» PROBLEM STATEMENT
For every entry, reproduce the wording exactly and omit any image it holds.

--- EXTRACTED DATA ---

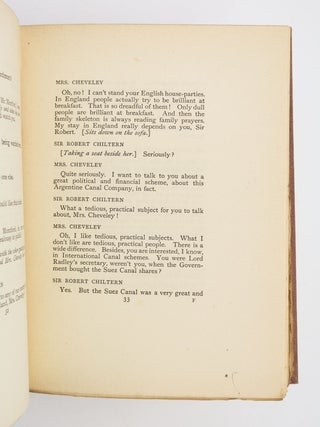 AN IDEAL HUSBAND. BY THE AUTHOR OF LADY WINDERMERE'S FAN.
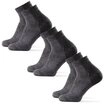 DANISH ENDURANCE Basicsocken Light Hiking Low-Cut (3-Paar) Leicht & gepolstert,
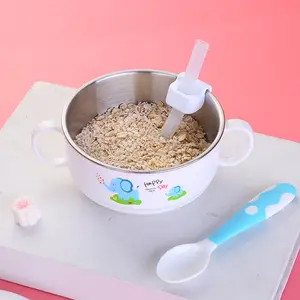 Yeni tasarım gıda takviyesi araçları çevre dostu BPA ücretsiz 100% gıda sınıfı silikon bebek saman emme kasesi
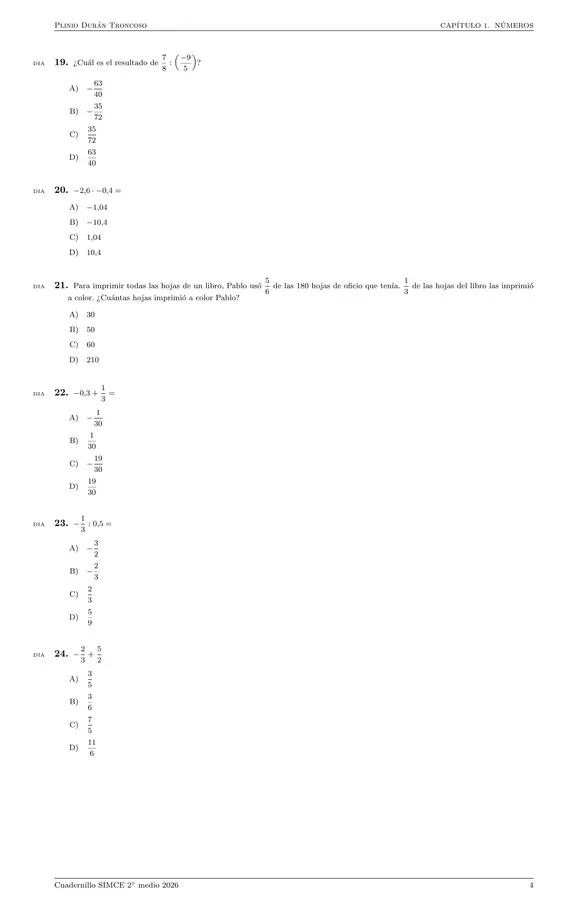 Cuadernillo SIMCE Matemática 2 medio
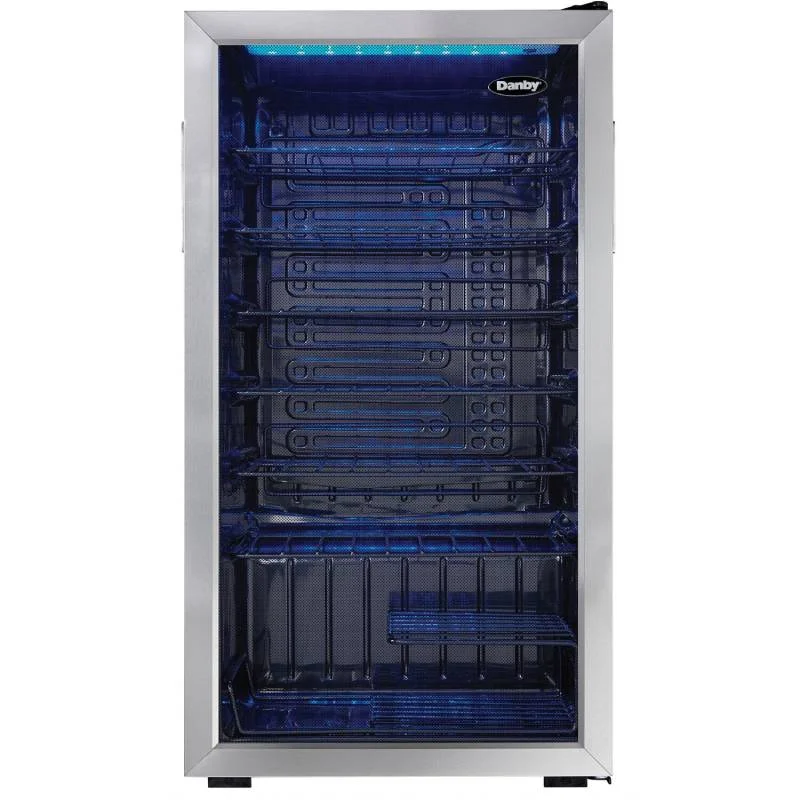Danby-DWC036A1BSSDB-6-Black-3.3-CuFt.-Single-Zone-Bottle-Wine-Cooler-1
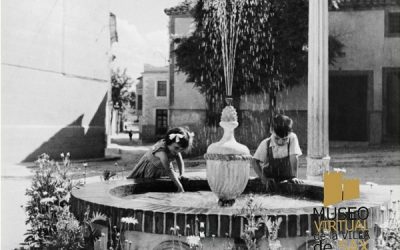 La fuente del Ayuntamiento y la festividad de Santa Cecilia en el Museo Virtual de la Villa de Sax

---

» EXPECTED ANSWER
 AN IDEAL HUSBAND. BY THE AUTHOR OF LADY WINDERMERE'S FAN.
 DANISH ENDURANCE Basicsocken Light Hiking Low-Cut (3-Paar) Leicht & gepolstert,
 Yeni tasarım gıda takviyesi araçları çevre dostu BPA ücretsiz 100% gıda sınıfı silikon bebek saman emme kasesi
 Cuadernillo SIMCE Matemática 2 medio
Danby-DWC036A1BSSDB-6-Black-3.3-CuFt.-Single-Zone-Bottle-Wine-Cooler-1
 La fuente del Ayuntamiento y la festividad de Santa Cecilia en el Museo Virtual de la Villa de Sax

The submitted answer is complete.